▸ **YOUR TASK**
Once the pictures are removed, reproduce what is left of the data below exactly.

▸ **RECORDED INFORMATION**
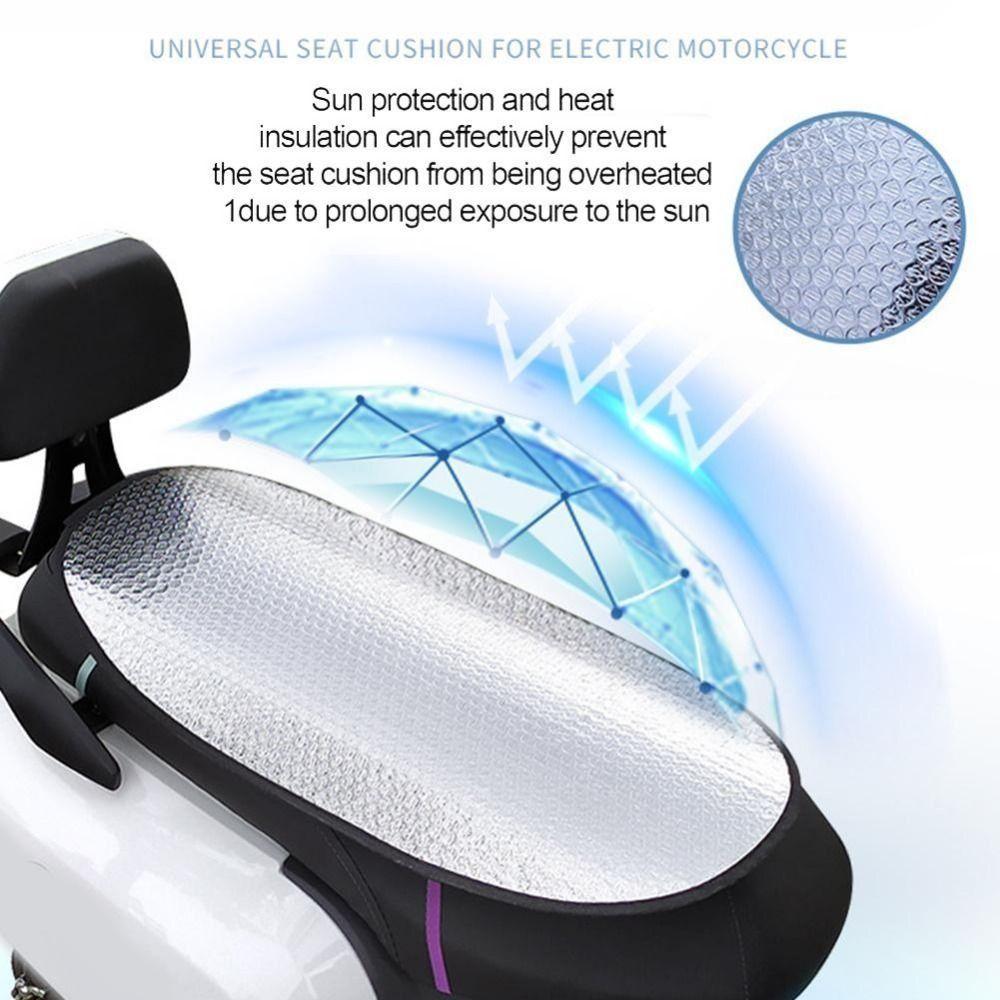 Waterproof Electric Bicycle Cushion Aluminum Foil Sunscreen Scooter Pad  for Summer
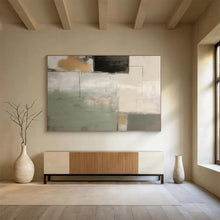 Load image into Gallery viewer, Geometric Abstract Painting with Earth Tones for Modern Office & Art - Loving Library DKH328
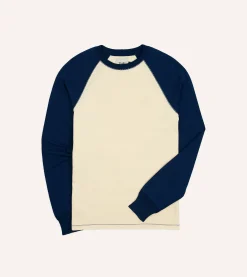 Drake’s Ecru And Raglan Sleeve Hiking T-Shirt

▸ **SOLUTION**
 Waterproof Electric Bicycle Cushion Aluminum Foil Sunscreen Scooter Pad  for Summer
 Load image into Gallery viewer, Geometric Abstract Painting with Earth Tones for Modern Office & Art - Loving Library DKH328
 Drake’s Ecru And Raglan Sleeve Hiking T-Shirt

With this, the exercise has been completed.